Позади усадьбы располагался небольшой садик с беседкой и высохшим прудиком. Прошли туда, расположились в тени яблонь, и брат озвучил цель приезда. А хотел он поменять своих семерых музыкантов на моих двух.
— Тебя батя ко мне послал с этой миссией? — захотелось сразу прояснить моменты.
Пробурчал что-то неопределённое и продолжил упрашивать. Мои враз побледневшие витязи напряжённо следили за нашими переговорами. Успели что ли забыть, что получили уже свободу? Перед беседкой появились музыканты брата и принялись наигрывать что-то довольно сносное.
— А не будет жалко с такими умельцами расставаться? — прозондировал их близость.
— Пошто сожалети о людях работны, — удивился старшой, — Овы явнут.

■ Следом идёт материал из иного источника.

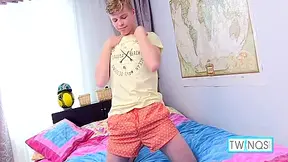 Sexy James Strokes That Big Hairy Cock Until Cumming On Himself! 10 Min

Меня очень заинтересовал необычный инструмент с мехами и деревянными трубками, звучащий как орган. Собственно, это и был орган, только ручной, прообраз шарманки. Одной рукой музыкант нагнетал воздух, другой нажимал на клавиши, извлекая звуки. Чего-то меня заставило обратить на этот инструмент своё внимание? Какая-то искра мысли озарила мою черепную коробку и затерялась где-то между извилин. Попросил брата показать вещицу поближе. По приказу своего повелителя ко мне с поклоном приблизился изящный паренёк и вежливо подал инструмент. Показал его действие и встал неподалёку, ревниво следя глазами за моими манипуляциями.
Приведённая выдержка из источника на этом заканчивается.